Researchers at the University of California, San Diego, have discovered a promising method to predict whether early-stage breast cancer will spread by evaluating the “stickiness” of tumor cells. This breakthrough, enabled by a specially designed microfluidic device, could significantly enhance diagnostic capabilities and help doctors personalize treatment strategies for high-risk patients.
Innovative Microfluidic Device
The newly developed device, tested in an investigator-initiated trial, sorts tumor cells by pushing them through fluid-filled chambers and measuring their adhesion to chamber walls. The study, published on March 5 in Cell Reports, found a compelling trend: tumor cells from aggressive cancers exhibited weak adhesion, while those from less aggressive cancers were more strongly adherent.
Professor Adam Engler, senior author and faculty member at UC San Diego’s Jacobs School of Engineering, emphasized the significance of this discovery: “If we can improve diagnostic capabilities with this method, we could better personalize treatment plans based on the tumors that patients have.”
Predicting Metastasis Risk in Breast Cancer
Previous research by Engler’s lab in collaboration with Dr. Anne Wallace, director of the Comprehensive Breast Health Center at Moores Cancer Center, established that weakly adherent cancer cells have a higher tendency to migrate and invade other tissues. The latest study focused on ductal carcinoma in situ (DCIS), an early-stage breast cancer that can either remain confined to the milk ducts or develop into invasive cancer. Current clinical decisions often rely on the lesion’s size and grade, which do not always accurately predict its behavior.
Dr. Wallace underscored the clinical importance of the study: “We don’t want to over-treat patients unnecessarily, but we must intervene aggressively when there’s a high risk of invasive cancer. This adhesion model could help us make more informed decisions.”
How the Device Works
Approximately the size of an index card, the microfluidic device contains chambers coated with fibronectin, an adhesive protein found in breast tissue. Tumor cells are introduced into the chambers and subjected to increasing shear stress as fluid flows through. Researchers classify cells based on when they detach, differentiating between strongly and weakly adherent cells.
The device was tested on tissue samples from 16 patients, including normal breast tissue, DCIS tumors, and invasive breast cancer tumors. The findings revealed that aggressive breast cancer samples contained weakly adherent cells, while normal breast tissue exhibited strong adhesion. DCIS samples varied, indicating a potential predictive metric for metastasis risk.
“Among DCIS patients, we found some with strongly adherent tumor cells and others with weakly adherent cells,” said Madison Kane, a bioengineering Ph.D. student and study co-first author. “We hypothesize that those with weakly adherent cells are at higher risk of developing invasive cancer and may be underdiagnosed initially.”
Future Implications
Researchers plan to track DCIS patients over five years to assess whether adhesion strength reliably predicts metastatic progression.
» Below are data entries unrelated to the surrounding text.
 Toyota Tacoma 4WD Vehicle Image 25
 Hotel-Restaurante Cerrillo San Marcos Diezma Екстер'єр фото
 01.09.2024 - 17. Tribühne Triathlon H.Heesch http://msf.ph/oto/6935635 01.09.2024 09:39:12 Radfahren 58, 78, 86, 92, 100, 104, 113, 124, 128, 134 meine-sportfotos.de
If validated, this technique could provide oncologists with a powerful new tool for guiding treatment decisions and intervening before cancer spreads.
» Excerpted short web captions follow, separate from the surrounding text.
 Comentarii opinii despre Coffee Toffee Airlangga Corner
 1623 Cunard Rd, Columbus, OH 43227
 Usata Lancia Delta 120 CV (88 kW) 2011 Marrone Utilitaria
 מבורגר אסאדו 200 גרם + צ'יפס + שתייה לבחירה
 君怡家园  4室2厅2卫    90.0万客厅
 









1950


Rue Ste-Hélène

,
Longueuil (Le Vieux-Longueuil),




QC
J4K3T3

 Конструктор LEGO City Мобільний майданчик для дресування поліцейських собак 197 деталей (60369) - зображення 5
Professor Engler expressed optimism about the technology’s impact: “Our hope is that this device will allow us to identify high-risk patients early, so we can intervene before metastasis occurs.”
This project was made possible through interdisciplinary collaboration between UC San Diego’s bioengineering department and Moores Cancer Center. Funding from the National Institutes of Health, the National Science Foundation, and the National Cancer Institute played a crucial role in supporting the study.
Disclaimer:
This article is for informational purposes only and does not constitute medical advice. Patients should consult with their healthcare providers for personalized medical guidance. The findings discussed here are based on ongoing research and require further validation before clinical application.